* [EXERCISE DESCRIPTION] Beginning with the line that contains "济南坏账处理如何高效回款？需要哪些合法流程避免损失扩大？" and ending with the line that contains "Манасиевски: Оливер Спасовски", reproduce the lines of the entries below exactly, omitting pictures.

* [SOURCE DATA]

--

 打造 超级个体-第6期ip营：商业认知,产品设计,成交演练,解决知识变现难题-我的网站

--

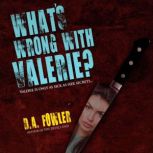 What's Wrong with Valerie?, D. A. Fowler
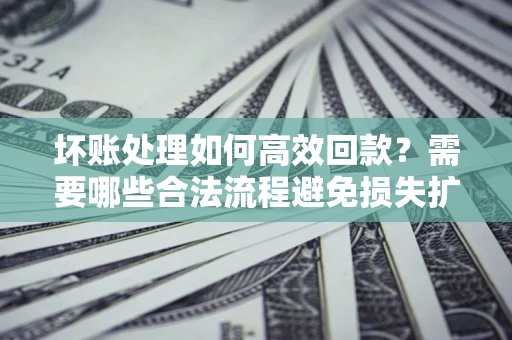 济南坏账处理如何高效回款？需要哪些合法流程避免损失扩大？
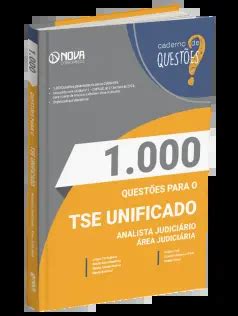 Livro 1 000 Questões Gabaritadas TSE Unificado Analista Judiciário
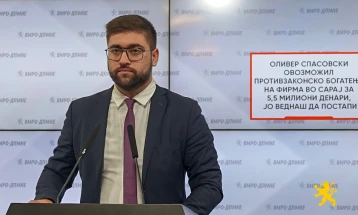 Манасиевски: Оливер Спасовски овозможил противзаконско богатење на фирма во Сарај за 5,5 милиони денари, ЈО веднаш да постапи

--

* [RESULT OF THIS TASK]
 济南坏账处理如何高效回款？需要哪些合法流程避免损失扩大？
 Livro 1 000 Questões Gabaritadas TSE Unificado Analista Judiciário
 Манасиевски: Оливер Спасовски овозможил противзаконско богатење на фирма во Сарај за 5,5 милиони денари, ЈО веднаш да постапи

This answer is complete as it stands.